Literature & the Pursuit of Scholarly Excellence (Alumna Interaction: 12)

Literature & the Pursuit of Scholarly Excellence

The Dept. of English organized the 12th Alumna Interaction Session on 8 May, 2021. Megha Sharma from the class of 2017 was invited to speak on the topic "Literature & the Pursuit of Scholarly Excellence". 

Ms. Megha explored the study of Literature and the prerequisites for literary research. She highlighted many important points that help one in critically studying Literature, eg. a firm grip over the text in consideration, including its background, and author; and, the development of the overarching perspective that looks across theoretical boundaries and allows for a scholarly understanding of what she called "multiple realities". She illustrated some well-known texts to show how often the implicit details remain untouched but must be taken into account. She pointed out, for example, Jane Austen's Mansfield Park, the story of a young girl achieving emancipation, as also having scattered elements of plantation and slavery. Similarly, Daniel Defoe's Robinson Crusoe can be studied as an objective memoir. With such deep insights, the speaker also discussed the significance of the awareness of the gap between one's understanding of Literature and its historical and contemporary implications. This gap, she noted, gives more space for better analysis and deeper research.

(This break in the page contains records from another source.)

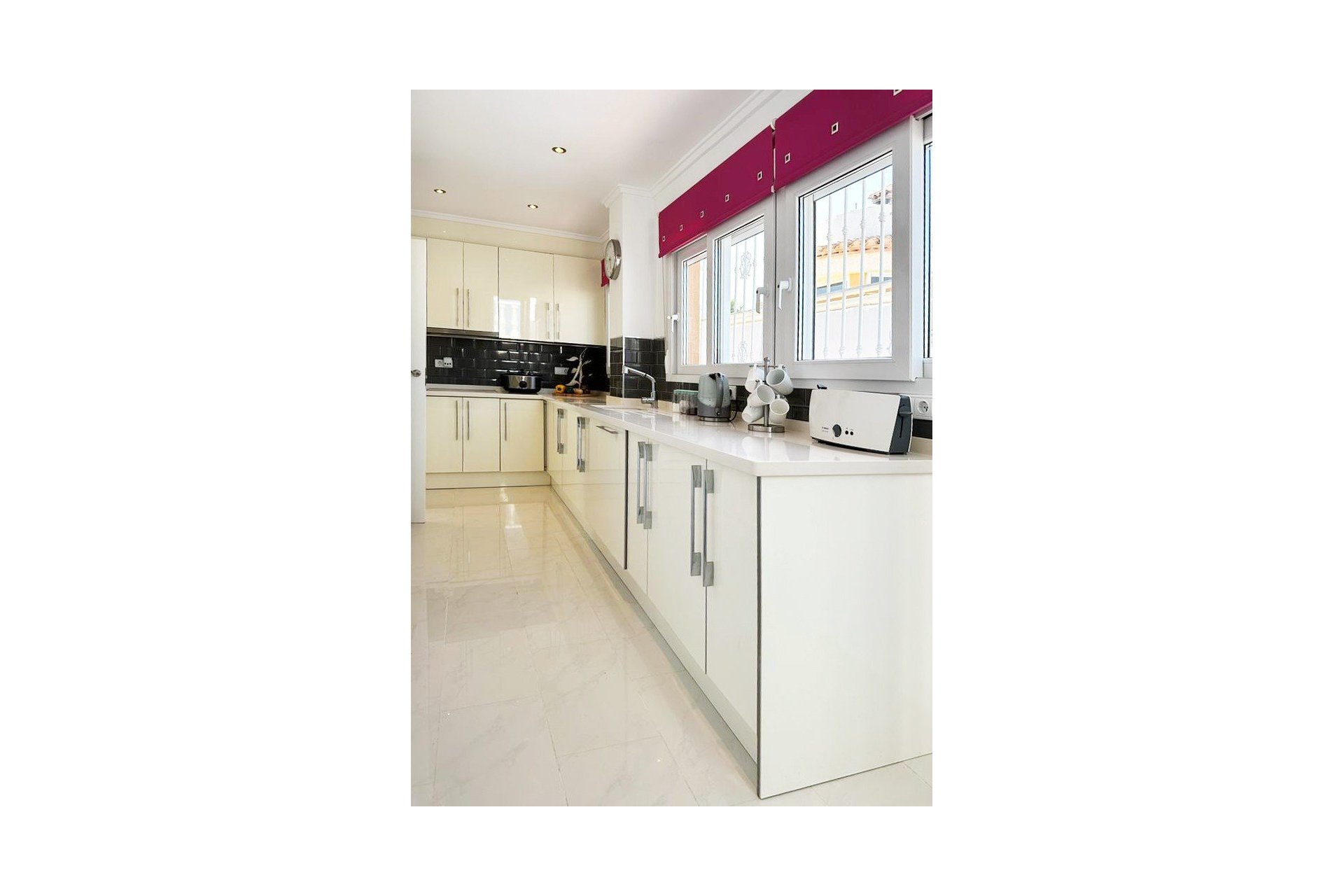 Resale - Villa -
San Miguel de Salinas - Inland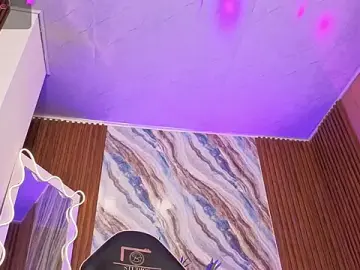 Stripchat Free Porn Cam of penelope_tay1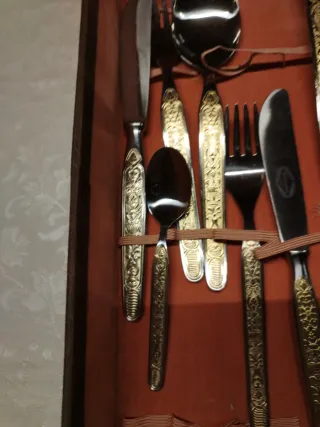 Servizio posate 2 persone oro/argento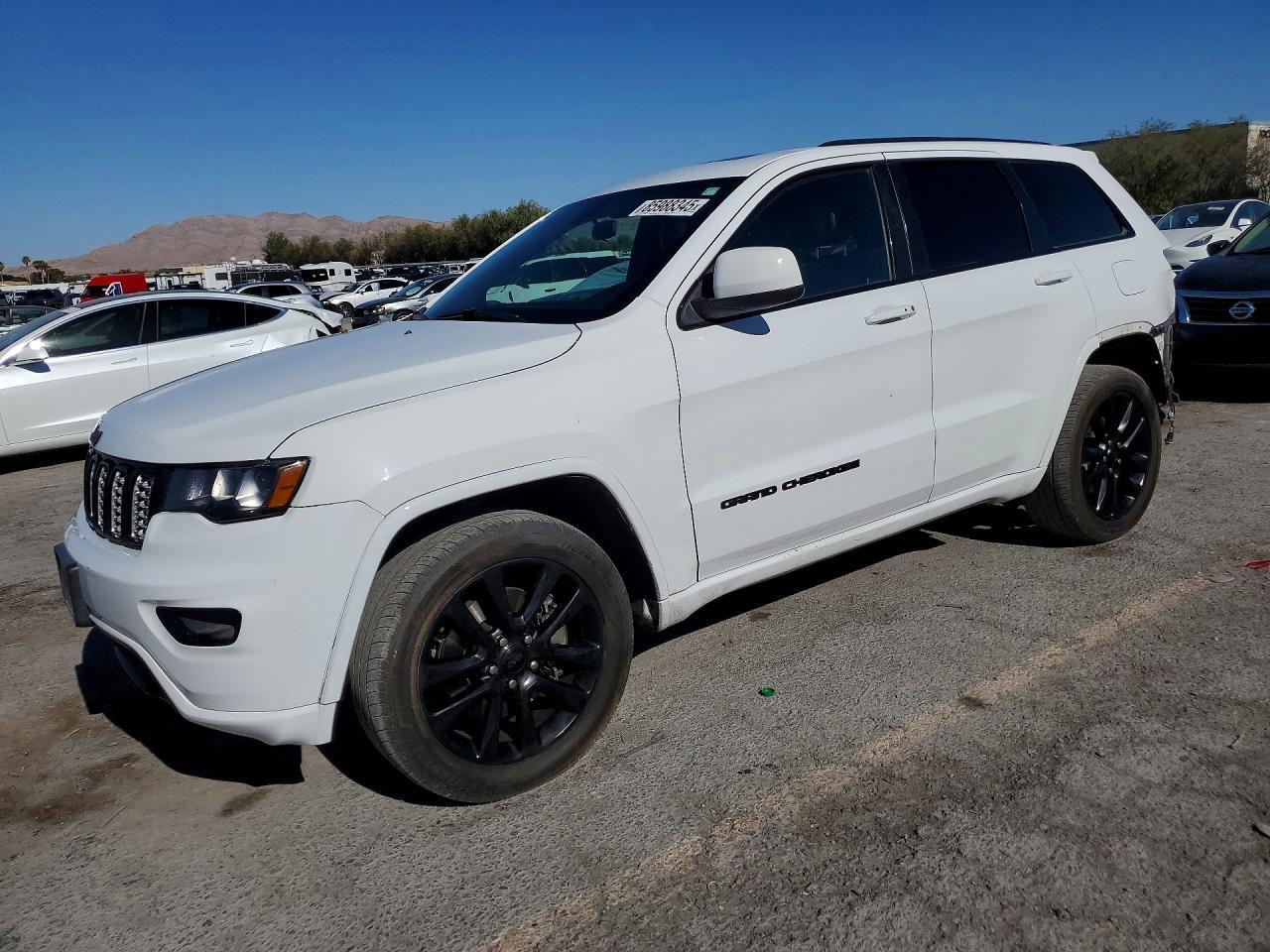 2021 Jeep Grand Cherokee Laredo - zdjęcie główne
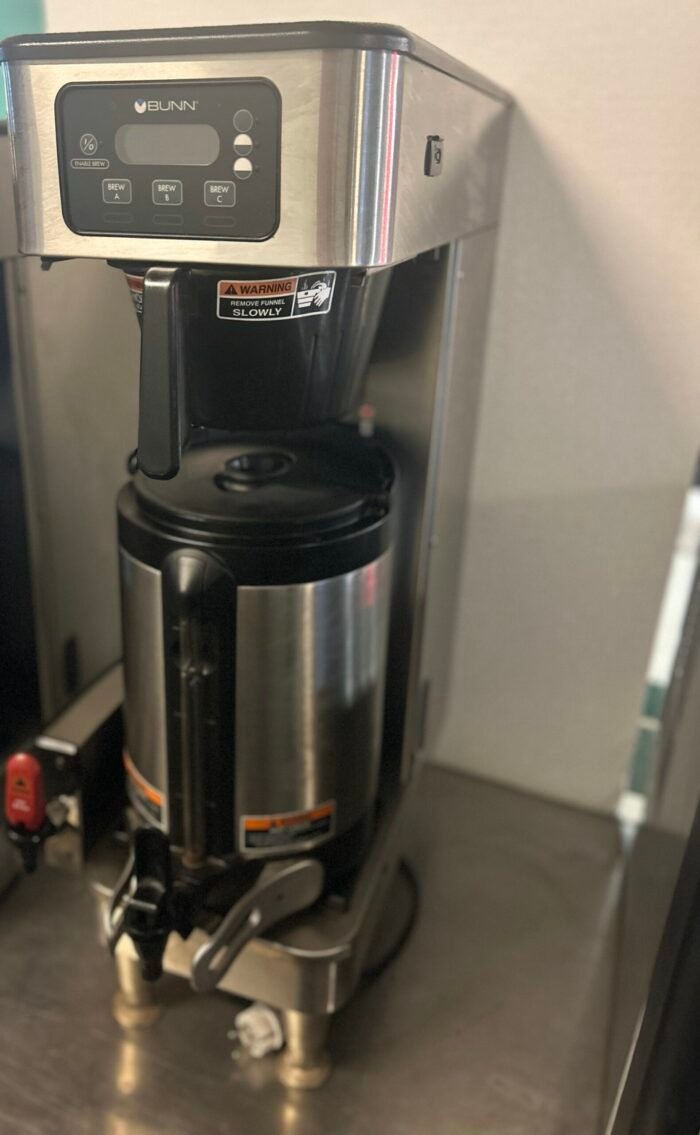 Infusion Coffee Brewer with Thermal Server (1.5 Gallon) - Image 3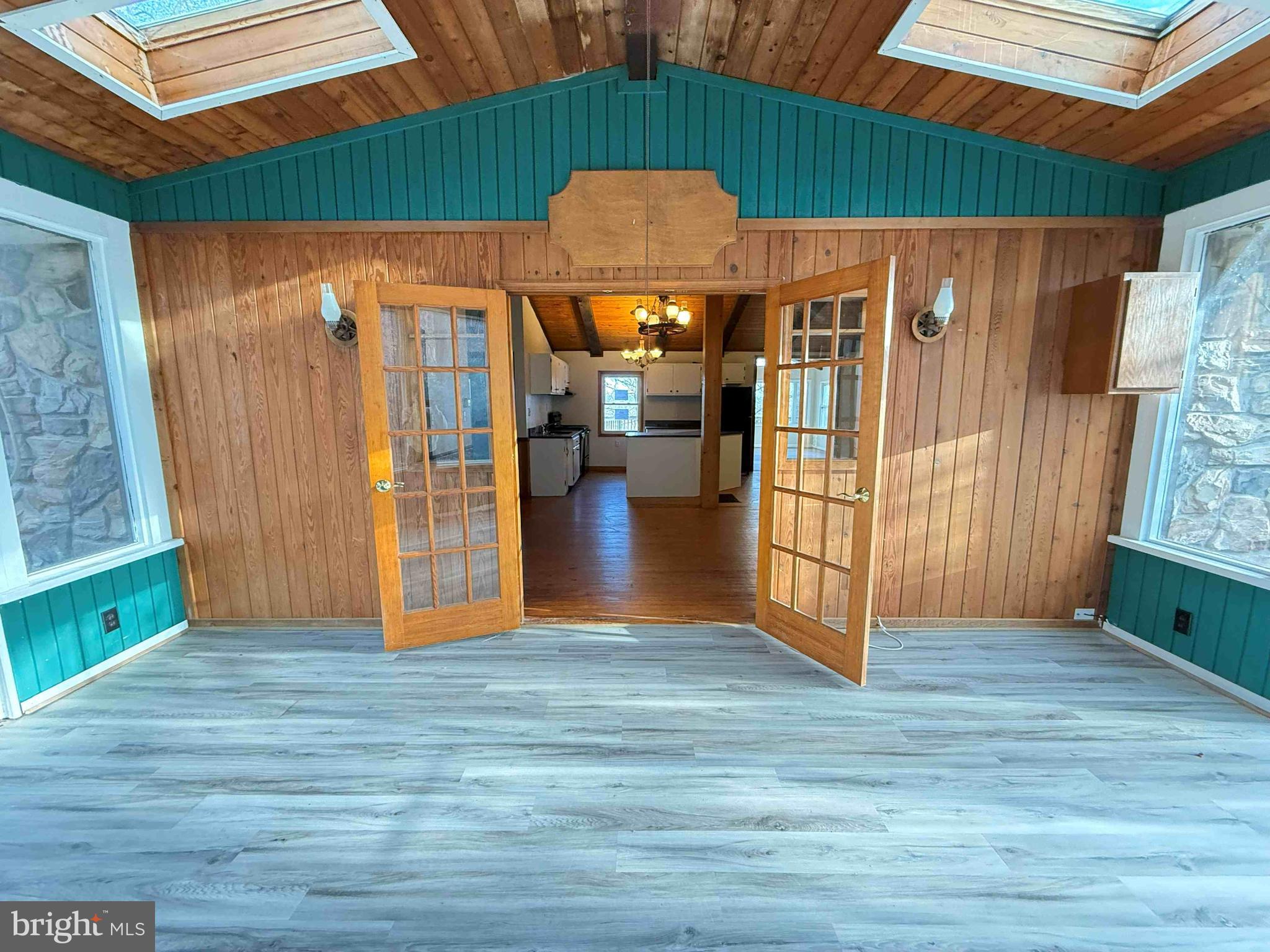 SHAWNEELAND - Residential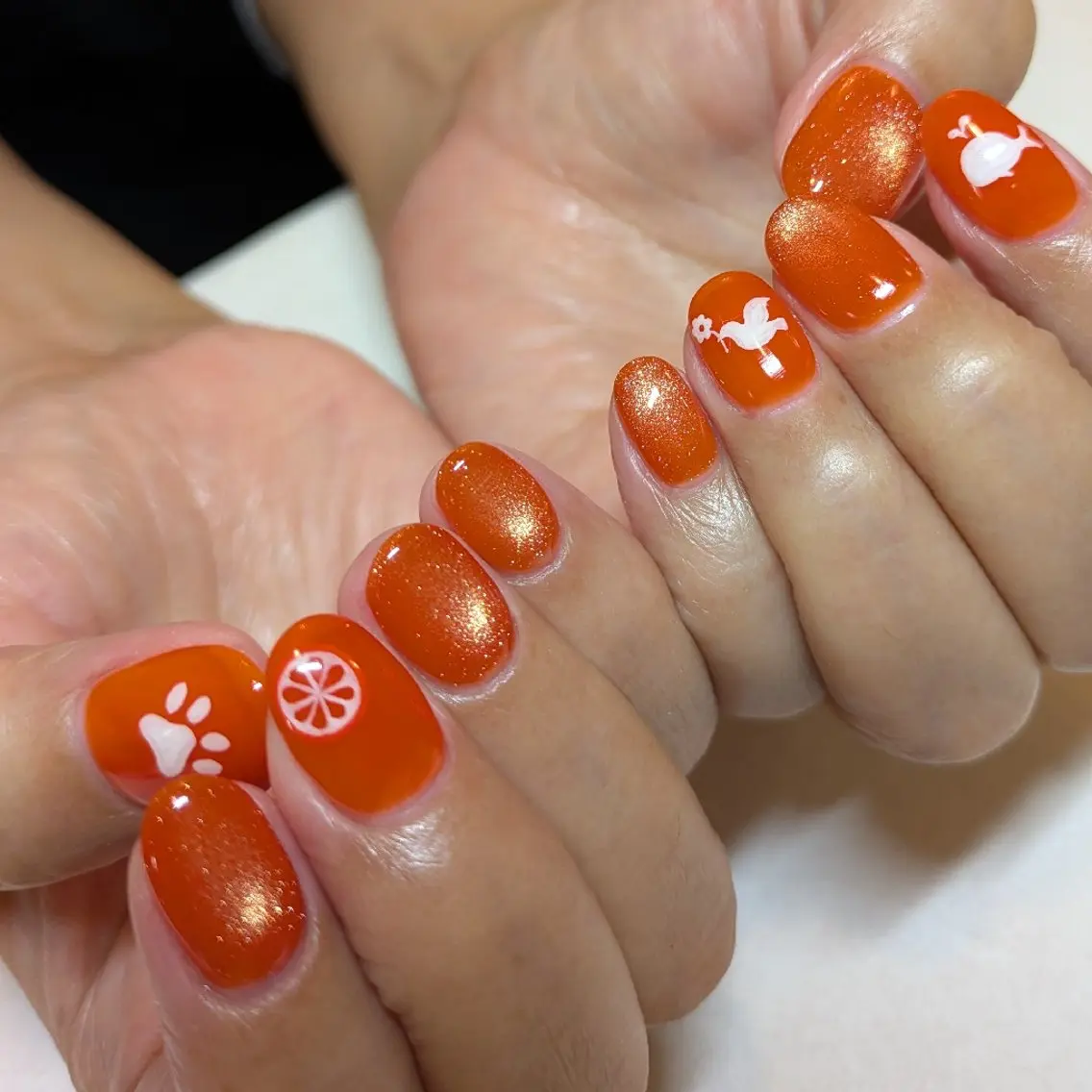 ネイル オレンジ ジェヌインネイル 河内のネイルデザイン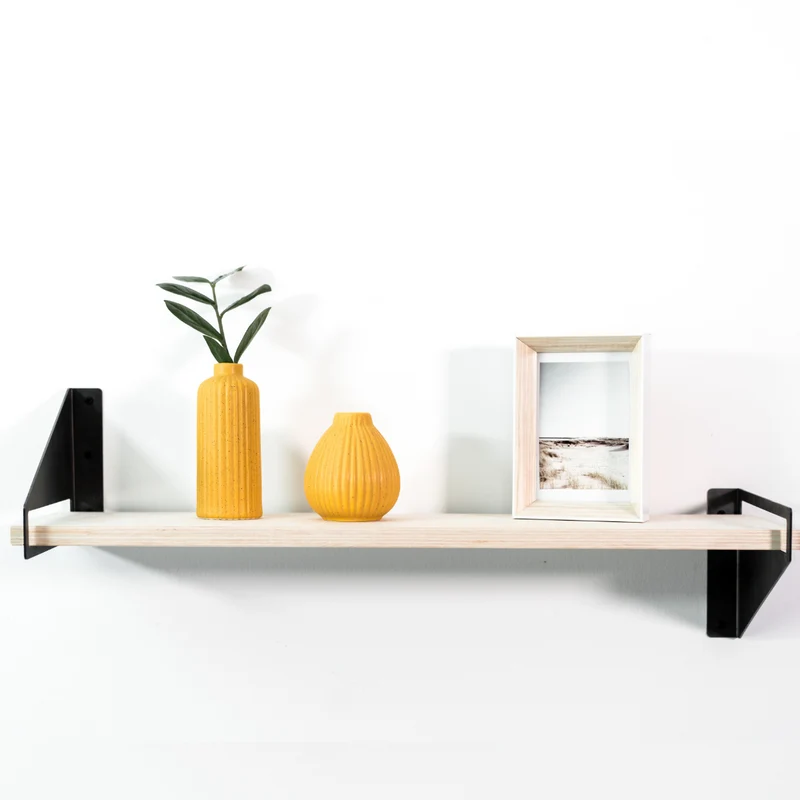 Étagère murale en bois avec supports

Ms. Megha further talked about the more nuanced aspects of Literature such as graphic novels, comic books, films and even memes and graffiti, and elaborated on how such newer perspectives have transformed Literature from being just on the page to becoming a medium of communication. She foscussed especially on Film and Memory studies, as her chosen field of research. Citing examples from Salman Rushdie's Midnight's Children to the movie Drishyam, she highlighted concepts such as alternative realities and the Coleridgean "willing suspension of disbelief." To end her talk, the speaker placed 'memory' and 'forgetting' in the real world socio-political frame to indicate the wider ramifications of such concepts.

The talk was followed by an interactive session wherein questions and observations were exchanged. The speaker also talked about her own research on Shyam Benegal's films and listed out some interesting theories and articles related to film and memory studies, some of them being Julia Kristeva's theories of subjectivity, Edward Said's essay entitled "Invention, Memory, and Place", and Fentress and Wickham's Social Memory. The session, thus, turned out to be an insightful exploration of literature and research.